Jerry Bleem + Mark Newport
| Date | May 19, 1994 - Jul 31, 1994 |
|---|---|
| Artist | Bleem Jerry and Mark Newport |
Exhibition Overview
Jerry Bleem and Mark Newport both build intricate sculptures that poetically transform workaday materials into objects that make deliberate reference to the human body; its orifices, organs and appendages. In this 1994 exhibition, these two artists exhibit work made with readily available materials. Bleem staples together shredded bits of found cardboard, paper and photographs into hollow vessels that recall fossils and shells, plant life and internal organs. Newport’s sculptures, made of fastidiously knotted waxed-linen threads, evoke states of change or growth.
Jerry Bleem + Mark Newport
Artist Statements, 1994
Jerry Bleem
I am fascinated by the human need to create meaning and to order reality. Taking the disparate elements of life and making sense of them has always been the cultural task. This construction of truth delineates a system by which we can orient ourselves. Though the ability to find some "absolute" is implied, the process is quite arbitrary.
The forms I make are the result of ordering individual elements in a constructive process. Each single result denies innumerable other possibilities. However, intention is not the entire story; a coincidence of accidents also helps to create these pieces. Though I begin with a clear idea, the unfolding of the work invariably changes my initial concept. It is in the course of putting these sculptures together that their forms actually emerge.

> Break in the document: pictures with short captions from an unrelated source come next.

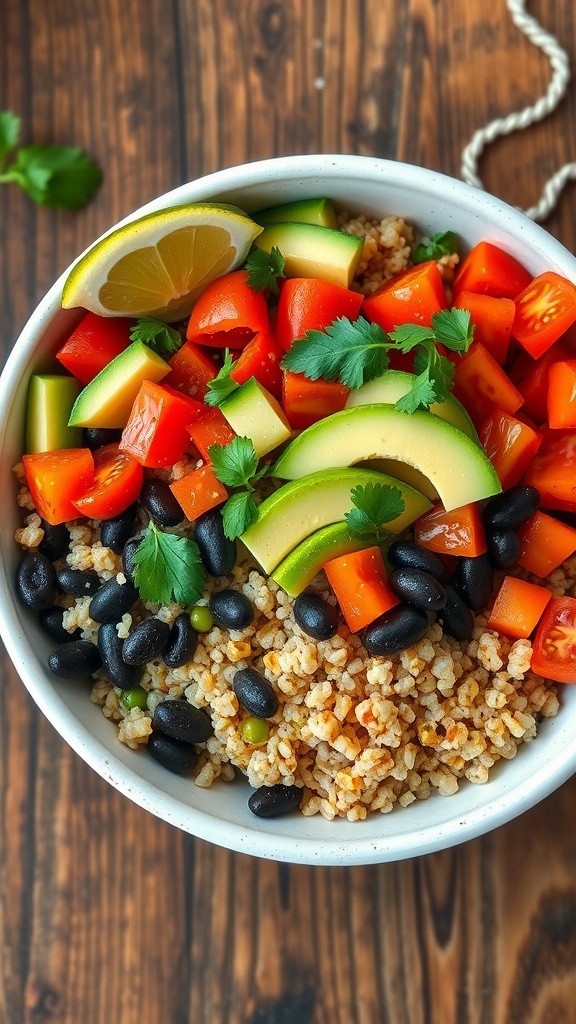 A colorful quinoa bowl with tomatoes, cucumber, bell pepper, black beans, and avocado, garnished with cilantro and lime.
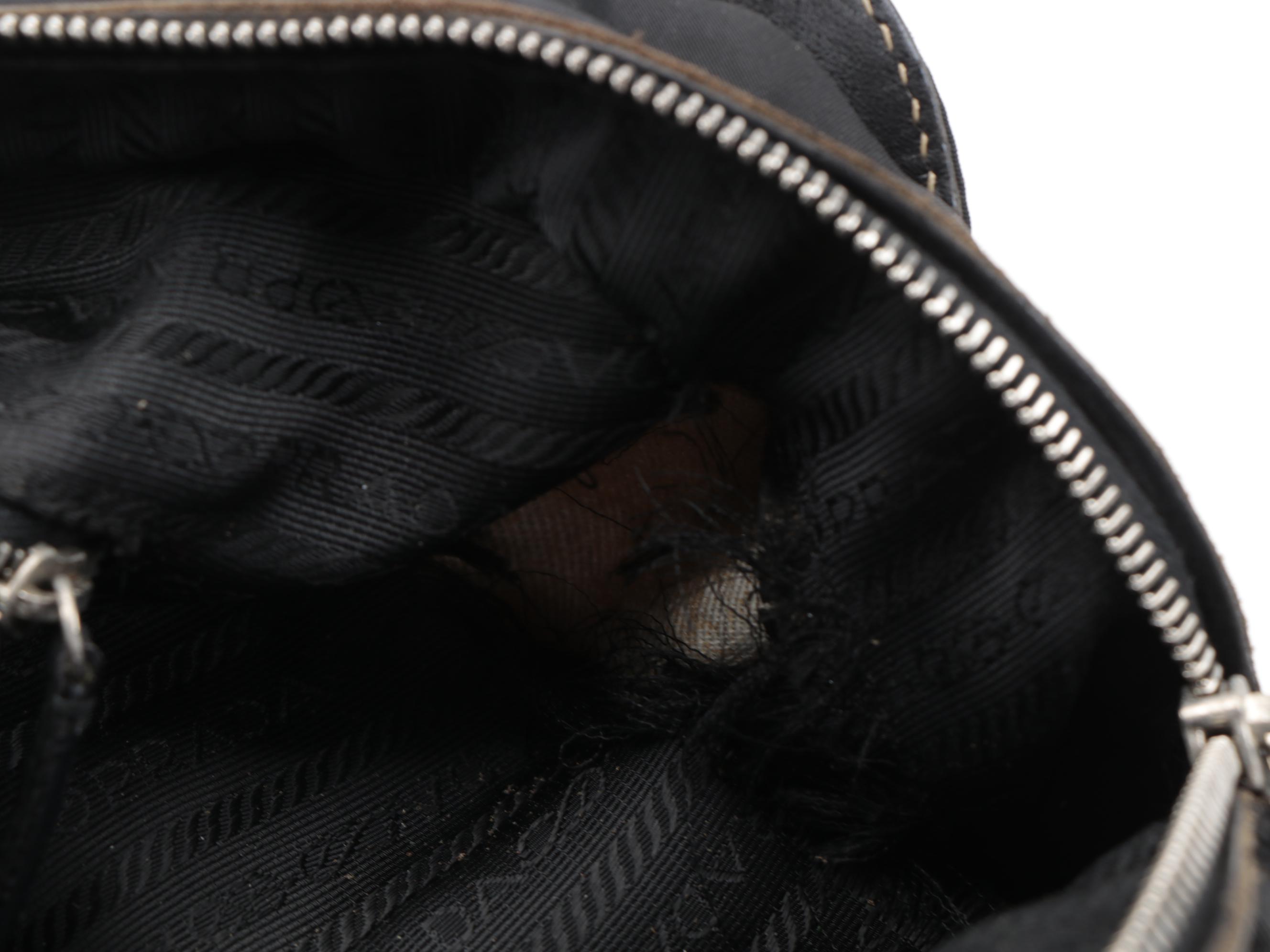 Prada Tessuto Satchel Bag in Black Nylon with Leather Trim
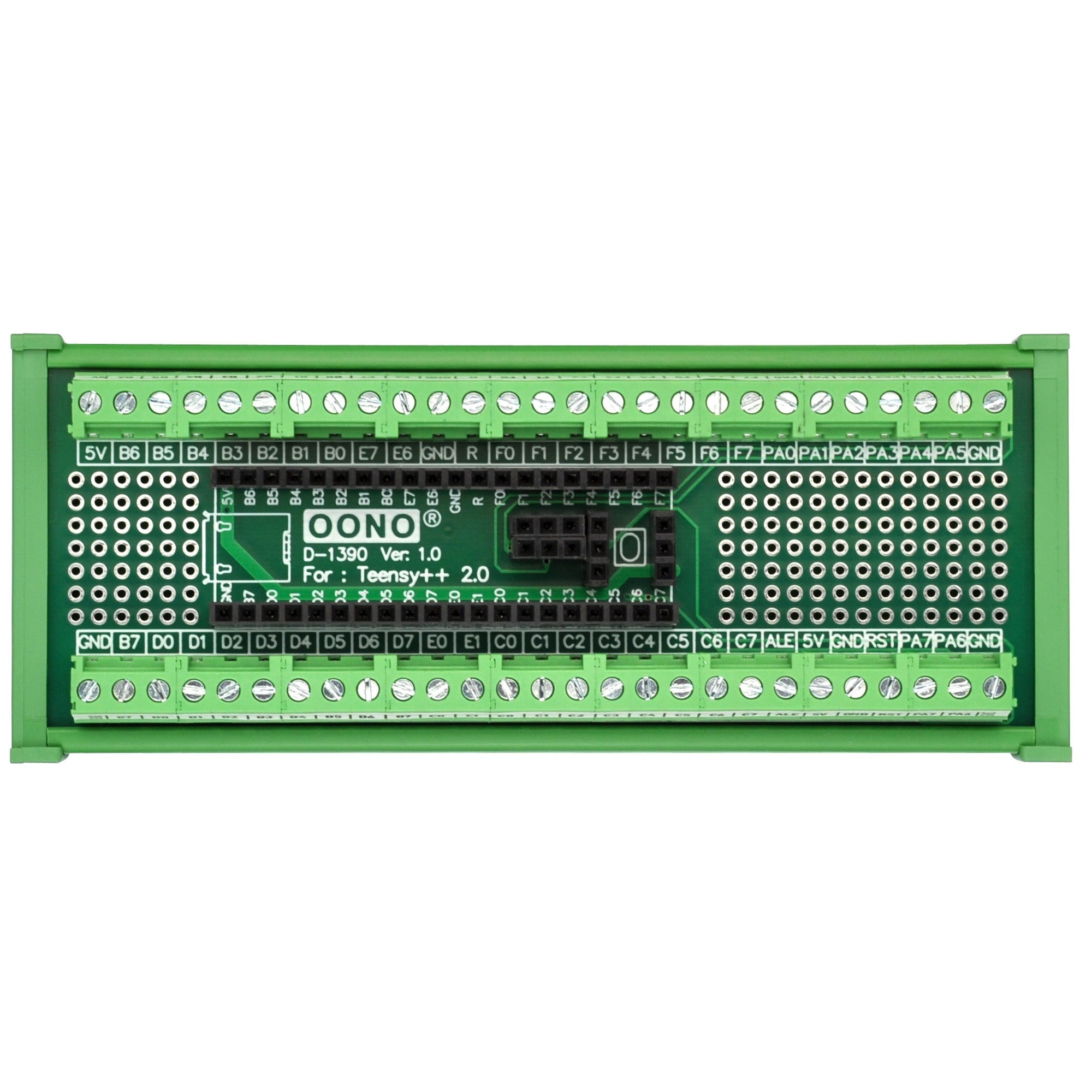 Terminal Block Breakout Board Module for Teensy++ 2.0, DIN Rail Mount Version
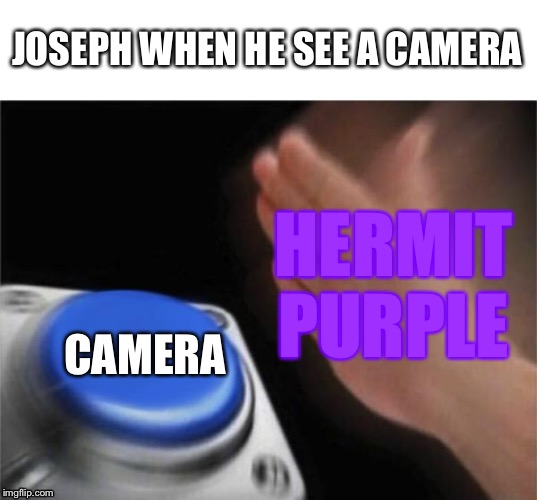 Blank Nut Button | JOSEPH WHEN HE SEE A CAMERA; HERMIT PURPLE; CAMERA | image tagged in memes,blank nut button | made w/ Imgflip meme maker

All of my pieces have openings. At times they allow the interiors of the works to be readily seen. In other instances, the inside can only be seen through the viewer's imagination. In part, these entries are thresholds where inside meets outside, where "heaven meets earth." I think of these openings as orifices of access, as places of passage.

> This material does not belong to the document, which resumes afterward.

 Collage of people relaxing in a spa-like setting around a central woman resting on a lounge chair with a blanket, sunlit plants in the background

Ordinary, non-precious, discarded materials are what I most often use in my work. (My life is more frequently informed by the ordinary than by what is extraordinary or exceptional.) Botanic forms and the human body have strongly influenced my work. I also draw upon humanity's long history of making containers for both practical and symbolic purposes. These hollow forms imply both a presence now absent, and a potential not yet present.

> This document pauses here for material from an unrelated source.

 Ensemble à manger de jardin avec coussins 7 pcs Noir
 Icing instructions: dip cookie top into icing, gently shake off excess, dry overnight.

I make work to contemplate life and the mystery inherent in living.
Mark Newport
"The first thing that strikes the careless observer is that women are unlike men. They are 'the opposite sex' (though why 'opposite' I do not know; what is the 'neighbouring sex'?) But the fundamental thing is that women are more like men than anything else in the world."
- Dorothy L. Sayers, "The Human-Not-Quite-Human"
Why the opposite? Using an abstract sculptural language I explore this question. The forms of the human body; organs, muscles and appendages form the basis of my sculptures. These forms refer to the essential and dichotomous qualities associated with male and female - projection and containment. Whether they are embodied in one material - linen or gut - or composed of two materials, my goal is to hint at a duality. This duality suggests my understanding of the world around me; one of complements and balance instead of polarities.